Exercise description — Since pictures do not belong in the copy, please repeat every record below exactly without them.

[Records from a data source]
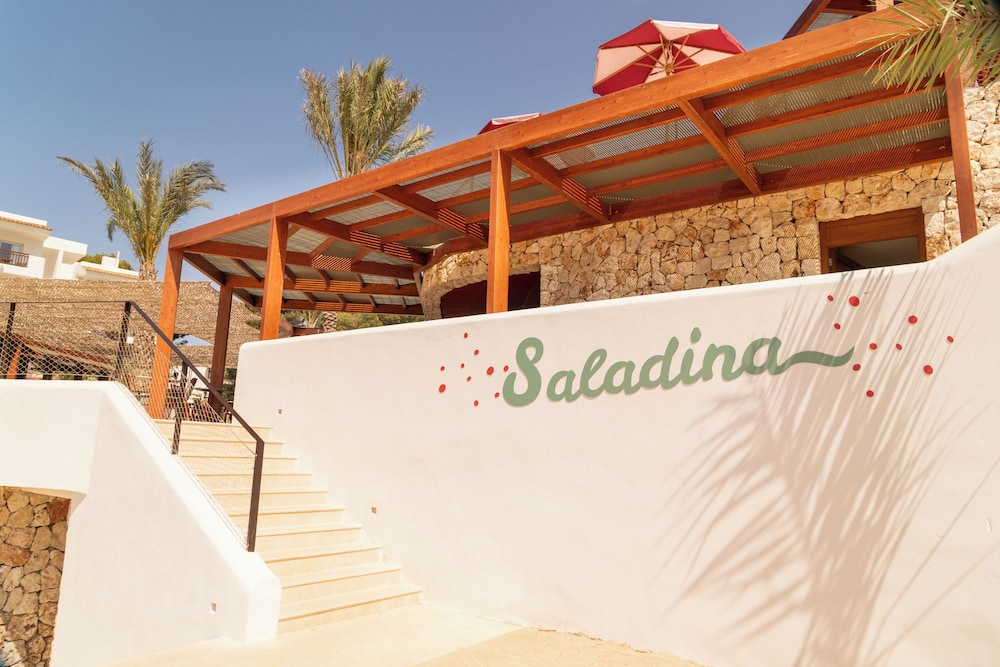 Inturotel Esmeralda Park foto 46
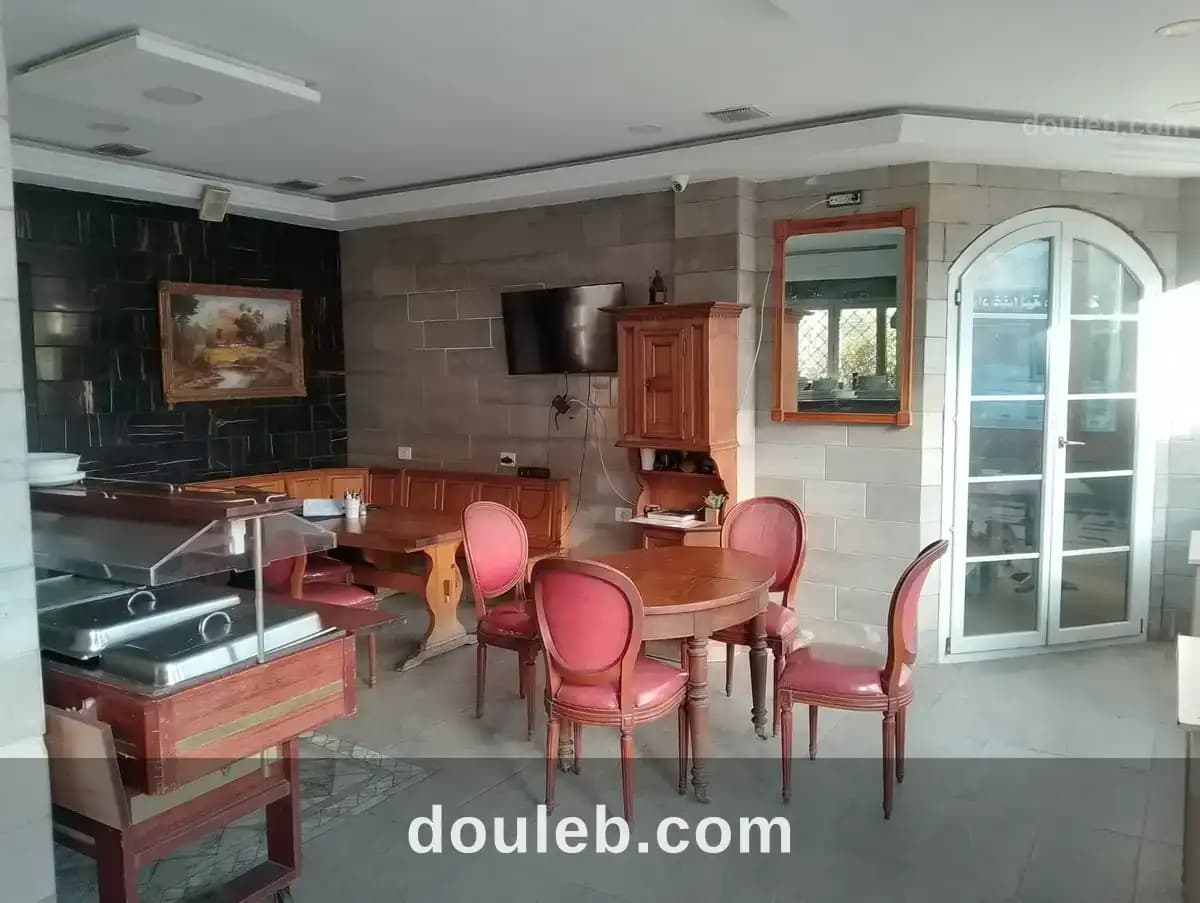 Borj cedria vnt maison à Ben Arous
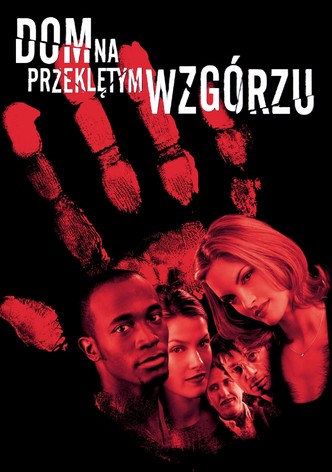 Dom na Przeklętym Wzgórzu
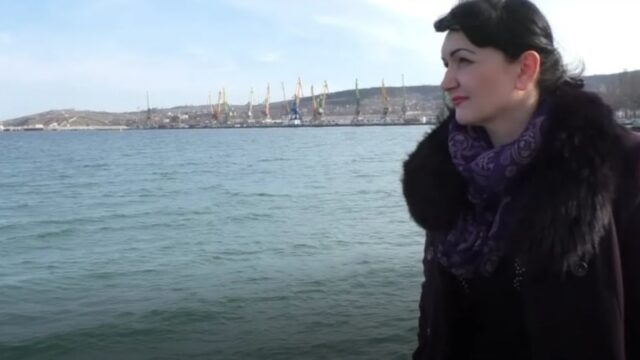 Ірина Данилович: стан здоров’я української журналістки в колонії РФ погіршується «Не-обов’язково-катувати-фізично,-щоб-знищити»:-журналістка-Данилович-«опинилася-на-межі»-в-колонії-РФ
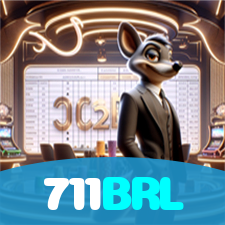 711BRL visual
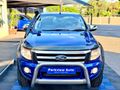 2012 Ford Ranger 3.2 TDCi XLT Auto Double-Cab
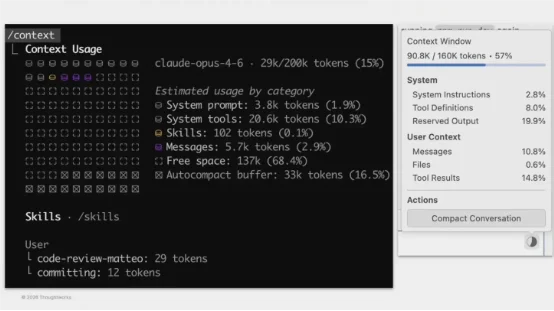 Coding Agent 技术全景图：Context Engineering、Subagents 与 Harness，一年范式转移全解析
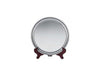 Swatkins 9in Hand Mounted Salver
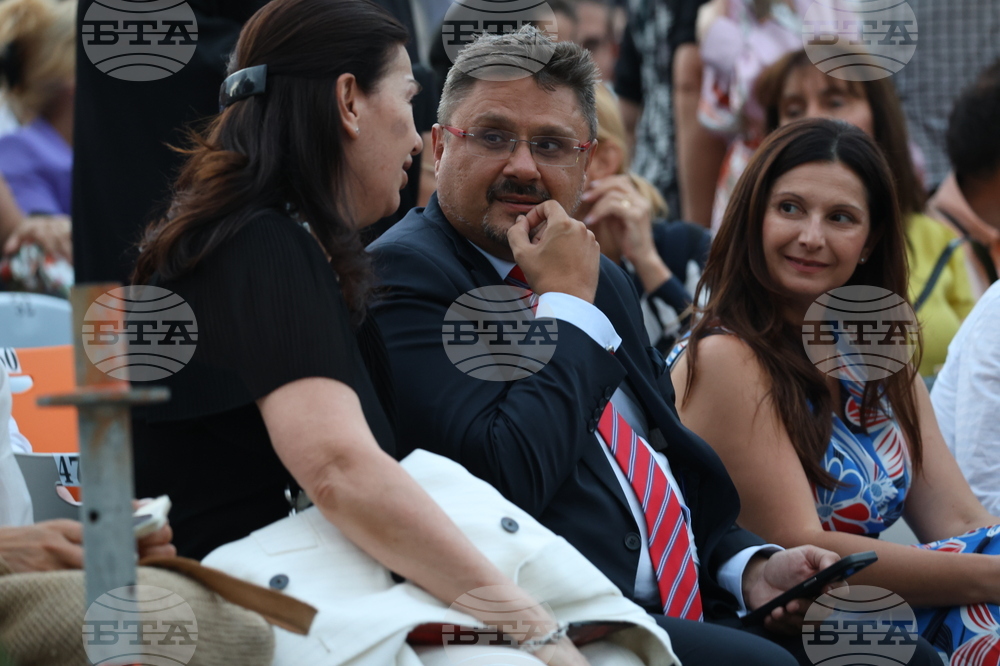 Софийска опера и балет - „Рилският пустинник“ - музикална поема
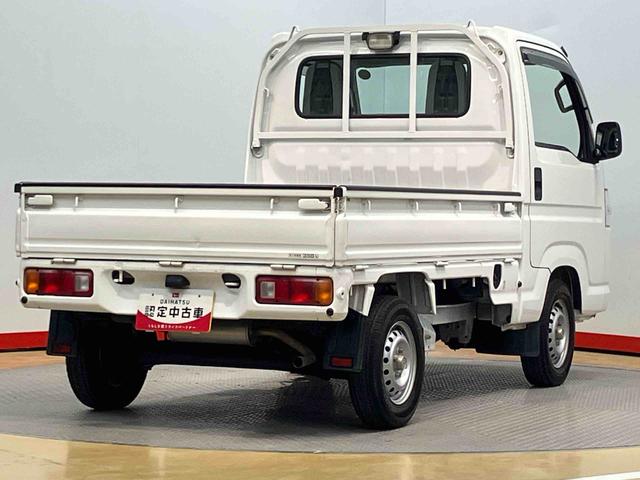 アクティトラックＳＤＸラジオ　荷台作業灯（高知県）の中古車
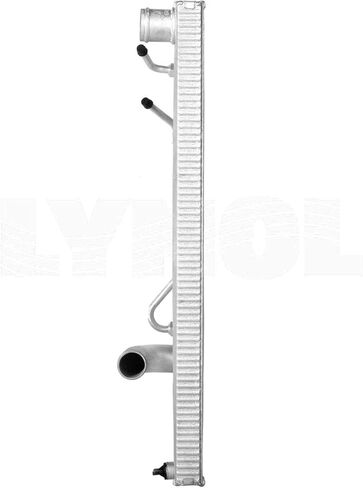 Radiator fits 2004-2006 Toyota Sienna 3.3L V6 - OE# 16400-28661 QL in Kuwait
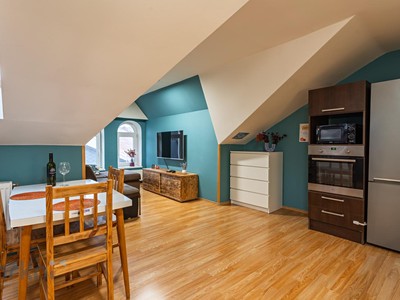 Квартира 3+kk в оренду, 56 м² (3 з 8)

Response to this exercise —
 Inturotel Esmeralda Park foto 46
 Borj cedria vnt maison à Ben Arous
 Dom na Przeklętym Wzgórzu
 Ірина Данилович: стан здоров’я української журналістки в колонії РФ погіршується «Не-обов’язково-катувати-фізично,-щоб-знищити»:-журналістка-Данилович-«опинилася-на-межі»-в-колонії-РФ
 711BRL visual
 2012 Ford Ranger 3.2 TDCi XLT Auto Double-Cab
 Coding Agent 技术全景图：Context Engineering、Subagents 与 Harness，一年范式转移全解析
 Swatkins 9in Hand Mounted Salver
 Софийска опера и балет - „Рилският пустинник“ - музикална поема
 アクティトラックＳＤＸラジオ　荷台作業灯（高知県）の中古車
 Radiator fits 2004-2006 Toyota Sienna 3.3L V6 - OE# 16400-28661 QL in Kuwait
 Квартира 3+kk в оренду, 56 м² (3 з 8)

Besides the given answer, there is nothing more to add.